There are some notable examples of this sentiment in translations of Russian literature. The proper title of Ivan Turgenev’s most famous novel, Fathers and Sons, is actually Fathers and Children (Отцы и дети / Ottsy i deti). One can argue that the change is not a very substantive one, as the conflict in the book is mainly one between generations of men. So the change in the title may be defensible on contextual grounds.
Another case from the same place and time is the novel that Fyodor Dostoevsky called Бесы / Besy, which means “devils” or “demons.” The novel’s first English translator, Constance Garnett, called it The Possessed. This shades the meaning in an interesting way: it puts the focus on the characters in the book, who are not themselves demons, but are being influenced and directed by them – or more specifically, by alien ideas that are experienced as demonic. The idea of possession is suggested by the novel’s epigraphs, one from Pushkin and the other from the Gospel of Luke, which deal with demonic forces and possession. Which translation you prefer probably depends on how you view the characters: are they primarily independent actors, or are they mainly being driven by alien forces?
As Putnam implies, early translators have the power to fix a title in the minds of readers thanks to tradition and the force of habit. In the 1990s, Malcolm Pasley published a translation of Kafka’s Die Verwandlung called The Transformation. This alternate title doesn’t seem to have caught on; every time I hear someone refer to the story, it’s by the older title The Metamorphosis, bestowed on it long ago by Edwin and Willa Muir.

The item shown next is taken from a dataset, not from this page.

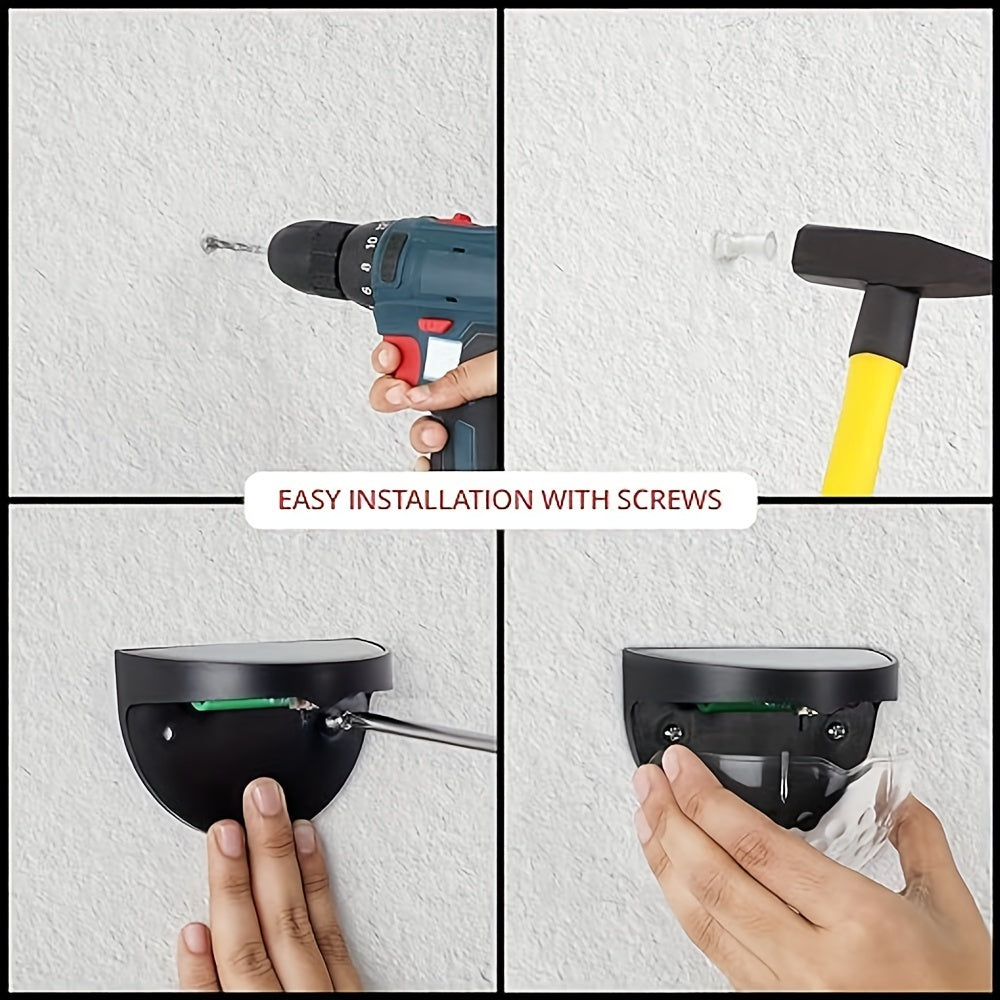 Solar Fence & Deck Lights – Waterproof Outdoor LED Wall Lamps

Translations can become yet more creative in the elusive quest to capture the essence of a title. A good example is Rolfe Humphries’ translation of the great philosophical poem by Lucretius known in Latin as De Rerum Natura. Most translators have rendered this literally as On the Nature of Things (or something like that), but Humphries called it The Way Things Are. In the introduction, he says his title is “simple, forthright, insistent, peremptory.” He apparently viewed Lucretius as a no-nonsense guy who gave it to you straight, without any fluff or beating around the bush.
More recently, Wim Wenders’ mystical, romantic film about angels watching over humanity in 1980s Berlin, which is known in German as Der Himmel über Berlin, came out in English as Wings of Desire. A literal translation of the title would have lost an essential double meaning in the German, since Himmel means both “sky” and “heaven.” In a film about angels, you need both meanings. In any case, I think the English title better captures the atmosphere of the film.

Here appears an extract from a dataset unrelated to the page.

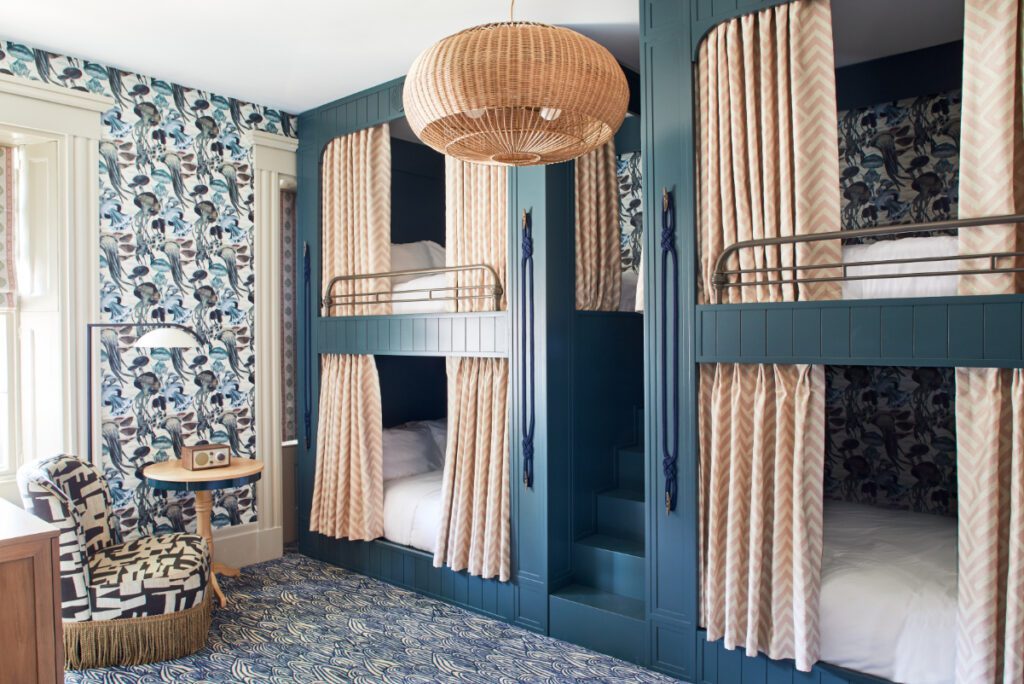 Guest rooms at the Faraway Nantucket boutique hotel. Source: Faraway.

Which brings me to a film that needed a better translation than it got. Francois Truffaut’s 1959 classic Les Quatre Cents Coups is still called The 400 Blows in English, even though the English title is essentially meaningless. In French, the expression faire les quatre cents coups means to “go wild,” “raise hell,” and other things in that vein. Before seeing the film, early Anglophone viewers apparently thought it was about corporal punishment. Despite the lame translation, the title has “embedded itself in our consciousness,” as Samuel Putnam would have put it.